Há década e meia se tanto me surpreendi ao ver um sujeito citar A arte da guerra de Sun Tzu como se fora uma bíblia do capitalismo e um arrazoado de ideias para se vencer na vida competindo e destruindo adversários e inimigos.
Trata-se de uma distorção oportunista de um dos livros mais importantes do Taoísmo.
Depois percebi dezenas de indicações e de “análises” de A arte da guerra buscando acoplar a obra ao modo de ser capitalista-individualista.
Nada mais inoportuno!
O oportunismo liberal mantem-se intacto, como se vê neste artigo na Folha de São Paulo (UOL), hoje, “Como o livro de um general chinês sobre guerra ajuda a passar em concursos?”, de um sujeito chamado William Douglas.
Vale a pena destacar partes da série de bobagens que diz William Douglas:
“Assim como as guerras, os concursos são vencidos com estratégias e regras.”
“Em muitos casos, apenas a experimentação e a individualização poderão responder qual o melhor caminho a seguir, pesados sob o crivo da relação custo X benefício.”
“Para ter sucesso em concursos é preciso um mínimo de objetividade, foco e simplicidade. É preciso fazer escolhas e sacrifícios.”
“Para passar em concursos, ou obter qualquer outra forma de vitória, tenha coragem de se diminuir assim como o pássaro abaixa sua cabeça antes de levantar voo. Seja menos, e cresça mais.”
“Depois que tiver conquistado os vastos campos de centeio e conhecido as montanhas mais altas do mundo, então serás grande.”
“Depois da aprovação, festas serão novamente festas, e baladas, baladas. Para os que assim desejarem. Para outros, serão noites bem dormidas, passeios com a família, viagens.”
O X da questão
A despeito de ser um livro sobre guerra escrito (provavelmente) há mais de 2 mil anos, há algumas questões a serem ponderadas:
Primeiro: é bastante provável que A arte da guerra seja uma compilação de textos mais antigos.

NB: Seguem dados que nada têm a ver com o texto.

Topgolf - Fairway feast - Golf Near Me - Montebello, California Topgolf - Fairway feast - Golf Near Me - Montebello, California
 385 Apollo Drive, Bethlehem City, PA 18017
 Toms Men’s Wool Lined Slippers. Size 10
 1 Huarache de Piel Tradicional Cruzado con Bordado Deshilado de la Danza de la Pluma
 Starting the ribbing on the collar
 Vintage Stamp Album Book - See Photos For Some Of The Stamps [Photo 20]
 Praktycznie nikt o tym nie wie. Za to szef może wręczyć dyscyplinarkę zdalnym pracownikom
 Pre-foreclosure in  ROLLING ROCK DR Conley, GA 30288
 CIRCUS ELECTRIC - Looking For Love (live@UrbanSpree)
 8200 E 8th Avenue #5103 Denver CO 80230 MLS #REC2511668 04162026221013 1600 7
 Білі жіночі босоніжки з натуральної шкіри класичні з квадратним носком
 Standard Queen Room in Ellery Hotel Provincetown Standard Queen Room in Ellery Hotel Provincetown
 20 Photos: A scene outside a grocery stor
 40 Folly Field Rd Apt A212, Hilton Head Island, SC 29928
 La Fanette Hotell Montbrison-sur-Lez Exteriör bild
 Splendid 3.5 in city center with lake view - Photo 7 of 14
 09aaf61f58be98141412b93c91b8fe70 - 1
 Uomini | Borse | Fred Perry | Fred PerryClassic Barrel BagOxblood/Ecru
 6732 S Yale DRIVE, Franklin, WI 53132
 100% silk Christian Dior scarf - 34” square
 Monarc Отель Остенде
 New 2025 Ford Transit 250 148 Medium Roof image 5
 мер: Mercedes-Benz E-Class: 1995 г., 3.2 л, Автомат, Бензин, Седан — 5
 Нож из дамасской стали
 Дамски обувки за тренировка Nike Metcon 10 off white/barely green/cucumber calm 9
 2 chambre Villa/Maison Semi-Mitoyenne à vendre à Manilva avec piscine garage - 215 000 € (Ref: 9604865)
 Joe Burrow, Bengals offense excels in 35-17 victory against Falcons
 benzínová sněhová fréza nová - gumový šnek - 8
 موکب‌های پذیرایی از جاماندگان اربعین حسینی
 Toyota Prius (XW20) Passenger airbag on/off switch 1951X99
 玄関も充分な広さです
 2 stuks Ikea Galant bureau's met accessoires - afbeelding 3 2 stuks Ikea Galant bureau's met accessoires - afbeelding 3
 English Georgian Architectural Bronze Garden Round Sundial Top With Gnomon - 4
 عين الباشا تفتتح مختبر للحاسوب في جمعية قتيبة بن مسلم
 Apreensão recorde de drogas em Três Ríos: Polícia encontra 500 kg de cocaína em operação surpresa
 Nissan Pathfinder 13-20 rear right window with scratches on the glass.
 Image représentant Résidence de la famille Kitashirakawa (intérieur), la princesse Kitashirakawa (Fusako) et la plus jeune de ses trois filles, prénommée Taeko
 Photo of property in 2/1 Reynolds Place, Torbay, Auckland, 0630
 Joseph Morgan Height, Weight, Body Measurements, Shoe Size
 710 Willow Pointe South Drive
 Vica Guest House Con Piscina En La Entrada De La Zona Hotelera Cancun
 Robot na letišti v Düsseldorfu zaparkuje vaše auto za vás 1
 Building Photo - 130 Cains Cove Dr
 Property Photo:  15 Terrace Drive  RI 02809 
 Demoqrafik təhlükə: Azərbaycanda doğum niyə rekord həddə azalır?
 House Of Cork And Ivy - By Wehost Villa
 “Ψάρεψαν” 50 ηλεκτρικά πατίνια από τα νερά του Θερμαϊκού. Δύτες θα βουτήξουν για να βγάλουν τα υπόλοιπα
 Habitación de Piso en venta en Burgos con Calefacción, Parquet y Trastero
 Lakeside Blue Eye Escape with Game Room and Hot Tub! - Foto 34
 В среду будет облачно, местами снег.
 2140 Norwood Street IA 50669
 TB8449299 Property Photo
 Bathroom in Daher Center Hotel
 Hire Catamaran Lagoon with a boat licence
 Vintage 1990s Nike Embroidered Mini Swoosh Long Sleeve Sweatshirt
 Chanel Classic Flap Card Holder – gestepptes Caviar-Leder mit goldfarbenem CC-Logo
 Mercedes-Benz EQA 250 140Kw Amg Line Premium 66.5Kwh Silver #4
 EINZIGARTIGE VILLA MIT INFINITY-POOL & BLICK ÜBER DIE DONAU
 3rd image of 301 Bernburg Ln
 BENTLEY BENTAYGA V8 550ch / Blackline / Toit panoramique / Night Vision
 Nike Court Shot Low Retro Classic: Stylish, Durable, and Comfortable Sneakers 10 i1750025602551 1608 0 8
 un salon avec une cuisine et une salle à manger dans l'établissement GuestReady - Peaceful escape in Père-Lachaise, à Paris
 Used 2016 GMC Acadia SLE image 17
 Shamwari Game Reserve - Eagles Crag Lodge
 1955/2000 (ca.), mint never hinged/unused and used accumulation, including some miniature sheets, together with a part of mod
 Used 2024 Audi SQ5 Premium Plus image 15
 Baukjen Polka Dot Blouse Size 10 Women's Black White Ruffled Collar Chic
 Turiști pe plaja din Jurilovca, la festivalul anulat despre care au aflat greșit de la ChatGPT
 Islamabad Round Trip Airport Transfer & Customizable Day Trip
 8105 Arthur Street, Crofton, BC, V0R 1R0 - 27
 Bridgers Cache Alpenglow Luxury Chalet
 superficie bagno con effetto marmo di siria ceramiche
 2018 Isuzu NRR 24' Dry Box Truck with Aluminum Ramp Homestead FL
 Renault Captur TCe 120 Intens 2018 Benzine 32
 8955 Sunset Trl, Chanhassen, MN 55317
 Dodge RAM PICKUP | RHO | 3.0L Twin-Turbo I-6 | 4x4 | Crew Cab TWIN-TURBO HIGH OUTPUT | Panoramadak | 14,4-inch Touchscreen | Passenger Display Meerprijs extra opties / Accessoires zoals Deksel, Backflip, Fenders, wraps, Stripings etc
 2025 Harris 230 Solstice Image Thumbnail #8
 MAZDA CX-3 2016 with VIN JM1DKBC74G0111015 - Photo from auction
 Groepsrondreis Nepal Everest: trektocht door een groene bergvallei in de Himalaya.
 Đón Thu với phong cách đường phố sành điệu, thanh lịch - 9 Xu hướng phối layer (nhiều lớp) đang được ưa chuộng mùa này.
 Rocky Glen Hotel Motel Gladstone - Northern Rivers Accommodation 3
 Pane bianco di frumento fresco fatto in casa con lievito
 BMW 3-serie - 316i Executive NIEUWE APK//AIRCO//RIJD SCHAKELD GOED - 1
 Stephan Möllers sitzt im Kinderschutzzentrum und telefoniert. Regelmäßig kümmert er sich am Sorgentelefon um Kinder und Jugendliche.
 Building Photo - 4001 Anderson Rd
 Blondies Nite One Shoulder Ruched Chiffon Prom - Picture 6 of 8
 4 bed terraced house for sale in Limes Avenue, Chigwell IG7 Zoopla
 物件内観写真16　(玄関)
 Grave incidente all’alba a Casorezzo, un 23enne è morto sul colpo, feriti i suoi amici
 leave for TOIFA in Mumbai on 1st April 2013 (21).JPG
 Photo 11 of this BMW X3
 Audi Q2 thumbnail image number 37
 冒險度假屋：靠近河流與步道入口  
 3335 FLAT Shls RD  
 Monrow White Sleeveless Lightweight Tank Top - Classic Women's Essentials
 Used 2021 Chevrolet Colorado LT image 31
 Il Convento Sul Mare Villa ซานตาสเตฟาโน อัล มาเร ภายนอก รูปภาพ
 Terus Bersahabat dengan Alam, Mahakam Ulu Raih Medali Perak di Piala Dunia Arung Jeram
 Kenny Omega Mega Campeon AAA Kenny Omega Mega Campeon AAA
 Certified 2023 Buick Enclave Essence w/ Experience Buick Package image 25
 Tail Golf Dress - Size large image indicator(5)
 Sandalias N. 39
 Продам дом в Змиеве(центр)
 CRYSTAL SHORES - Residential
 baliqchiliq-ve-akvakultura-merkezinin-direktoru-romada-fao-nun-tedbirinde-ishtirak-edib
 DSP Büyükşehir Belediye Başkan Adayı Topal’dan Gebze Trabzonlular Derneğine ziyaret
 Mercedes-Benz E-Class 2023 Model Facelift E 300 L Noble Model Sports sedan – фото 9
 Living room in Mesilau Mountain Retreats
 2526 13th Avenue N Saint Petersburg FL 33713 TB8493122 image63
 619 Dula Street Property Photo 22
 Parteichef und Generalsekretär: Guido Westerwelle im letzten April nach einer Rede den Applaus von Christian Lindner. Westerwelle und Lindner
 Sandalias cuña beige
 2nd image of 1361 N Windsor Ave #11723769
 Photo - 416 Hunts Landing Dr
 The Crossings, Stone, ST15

Segundo: não se sabe ao certo se Lao Tse existiu, ou se a obra (a compilação) tenha sido “feita” por vários autores e ao longo de anos.
Terceiro: o despeito (como se disse acima) de tratar-se de um livro sobre guerra, ele não se presta a derrotar o inimigo a qualquer custo, mas a defender um reino. Portanto não se trata de estratégia de ataque, mas sim de defesa.
Quarto: as estratégias expostas em A arte da guerra não dizem respeito às individualidades (como querem fazer crer os liberais), mas às coletividades (sociedade).
Quinto: há uma longa discussão (essa é para os doutos, e não para mim) sobre a relação entre Taoísmo e Confucionismo.
Algumas publicações teimam em dizer que o Taoísmo impacta no Confucionismo.
Outras, que são sistemas filosóficos antagônicos, mas muito impactantes na China antiga e atual.
Por exemplo (argumentam), as camadas mais cultas e urbanas chinesas seriam confucionistas (inclusive os membros do Partido Comunista chinês), enquanto o campesinato seria taoísta.
Sexto: o que se pode dizer com bastante segurança é que o Taoísmo impactou no Budismo (originário da Índia) dando origem ao zen-budismo
O que é o taoísmo
O taoísmo surgiu na China durante a dinastia Han (206 a.C. até 220 d.C). A origem do componente filosófico do taoísmo é atribuída ao filósofo chinês Lao Tse, que viveu no século VI a.C.
Primados do taoísmo
– Tao (caminho) é a única fonte do universo;
– A vida é regida por dois elementos (dualismo): yin (feminino) e yang (masculino). Estas duas forças se complementam e não podem existir uma sem a outra;
– As atitudes humanas devem estar sempre de acordo com a natureza;
– O ser humano deve buscar o equilíbrio do corpo e deste com a natureza;
– O ser humano deve buscar o desprendimento do mundo material, não devendo desejar nada.
– Quando um desejo é satisfeito, outro aparece em seu lugar.